Is There A Cure For Lyme Disease?

Lyme disease is one of those common conditions that people have heard of but don't fully understand. Some people fear that a single tick bite will lead to an infection — and in some cases, it can happen. But as the CDC points out, only blacklegged ticks carry the bacterium that causes Lyme disease. The ticks also have to latch on to the victim for at least 24 hours. Moreover, they must come from the northeast and north central United States, which are considered highly endemic areas for the disease. Statistically speaking, the average person's risk of contracting Lyme disease is fairly low. But statistics are cold comfort if symptoms begin to develop. 

Most tick bites, even those where the tick was removed quickly, can develop a wide, round, red mark. The mark itself is no reason to worry, according to the Mayo Clinic. But if the mark comes along with a fever or chills, fatigue, neck stiffness, a rash, swollen lymph nodes, or a headache, it may be time to see a doctor.

Doctors diagnose Lyme disease using an ELISA (enzyme-linked immunosorbent assay) test to look for Lyme disease antibodies. If that test comes back positive, doctors will then perform a Western blot test, which further confirms the presence of antibodies. After the tests are complete, the doctor will start the patient on a round of antibiotics to combat the disease. But does the treatment lead to a cure?

There is a cure

Lyme disease treatment generally takes one of two forms, as laid out by the Mayo Clinic. Patients early on in the progression of the disease typically receive a two- to three-week course of antibiotics. The specific antibiotic depends on the patient's age and if they are pregnant or breastfeeding.

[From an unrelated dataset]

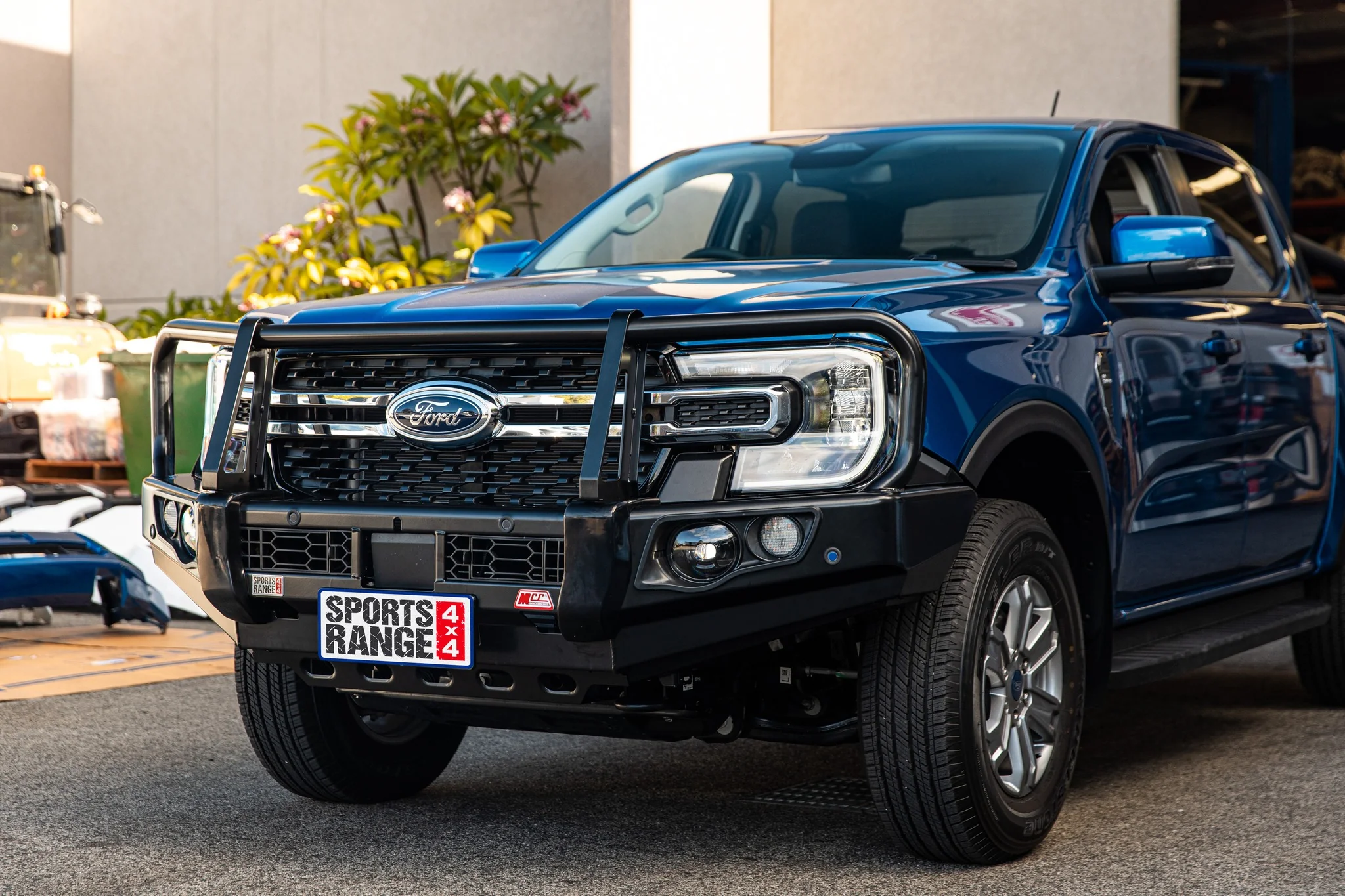 Next-Gen Ranger/Everest 2022-On - 707-02 Falcon Bull Bar Black A-Frame Package (LED Foglight) - SKU MCC-05010-702FOGUP - Image 7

Patients with a more advanced form of Lyme disease may be put on an intravenous antibiotic drip for two to four weeks. Doctors are more likely to suggest this course of treatment for patients whose central nervous systems have been affected by Lyme disease. However, while this treatment is very effective in destroying the infection, it may cause lingering side effects that take longer to clear up.

Most patients can be cured, usually during the time they are on antibiotics. But as the CDC says, there is no test to prove a patient is cured. This is because Lyme disease tests look for antibodies which can remain in a person's system well after the infecting bacteria is gone. Thus, a patient may carry the antibodies for months or even years after successful treatment, despite being cured of the infection.